Monday, October 8, 2012

To Be or Not To Be




So, my brother Tony and his wife Gina may be moving. The good news is that it might be Johnson Creek...not terribly far. The bad news? Their current home is only about ten minutes away AND has a pool. If you know me at all, you know I LOVE to swim. It is one of my most favorite things to do. I am thankful that my kids also share that love with me. This summer, we were there almost everyday. It was a HUGE blessing because, aside from the chemicals, some occasional toys and other small miscellaneous items, it was free. If it wasn't raining, we were pretty much there. There wasn't a day where I didn't thoroughly enjoy and savor every moment. I would sometimes close my eyes and listen to their conversations, soaking it all in. I loved watching them, laugh, play and make up their own games.

Since I love the water and needed to develop some sort of exercise routine, I decided to combine the two. Every day we would swim, the kids knew that for at least the first 10 or 15 minutes, they needed to stay out of my way so I could swim laps. It's not a 'lap' pool, but I made it work. After my laps, I would use the resistance of the water to do arm, ab and leg strengthening exercises. I lost 30lbs this summer. It. Was. Awesome.

Another bonus? Tony and Gina were kind enough to allow us to bring friends along. We live in a condo. It's a great size for our family and has four levels with decent size bedrooms. While I am thankful for our home, it is not really suitable for entertaining and our yard is painfully small. I LOVED sharing the pool with friends.

While the endless swimming, watching the kids play, exercising and sharing with friends meant more to me than I can explain in words, one of the best things was when Tony and/or Gina would come home from work and visit.(Oh my goodness, I am starting to cry.) It was so nice to see them and spend time with them. Even if just for a little bit. Not only did I enjoy seeing and talking with them, I loved seeing the look of excitement on the kids faces when Tony and/or Gina would show up.

The fleshly part of me wants to try and do everything in my power to 'make' them stay. I know that wouldn't be right. They need to do what's best for them as a family and whatever the will of God is for their lives. I have questioned God...why would he take this wonderful gift away from our family?  I examined my heart. Was the pool 'my god' or was I being to 'showy' with it? I immediately apologized to God and repented, worrying that might be true. He could easily give my brother a steady job in the area. The truth.....while I love (I know, I'm using that word a lot) the pool and all it has to offer our family, God knows best and sees the big picture.
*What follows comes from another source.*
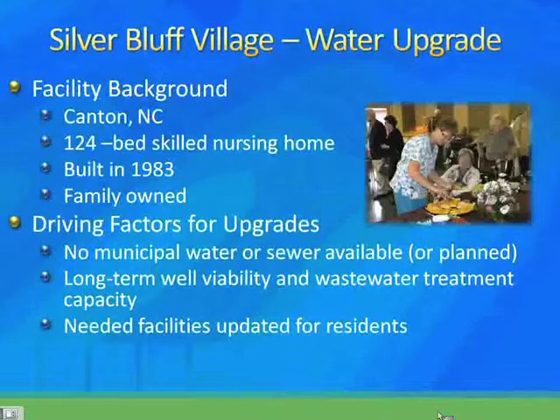They decided they needed to make some upgrades because the viability of their current well was in question. With the droughts, many wells had gone dry through western North Carolina and other places in the state, and they needed to look at the installation of a second well to make sure they had the right capacity. They were also being stretched on their wastewater treatment capacity and their discharge permit. At the same time, this 1983 facility really needed to be updated for the residents — so those were the driving factors for the project, with a big focus on water use.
That's true no matter what the situation. I know it might seem silly that I'm so attached, but the pool meant more than just swimming everyday.

So, Tony and Gina, whether you move or not, we are so thankful (ok...this crying needs to stop) that you were extremely kind and generous to our family and our friends. Thank you so much for giving us MANY awesome memories to cherish forever. Love you both and I support you in whatever your decision might be.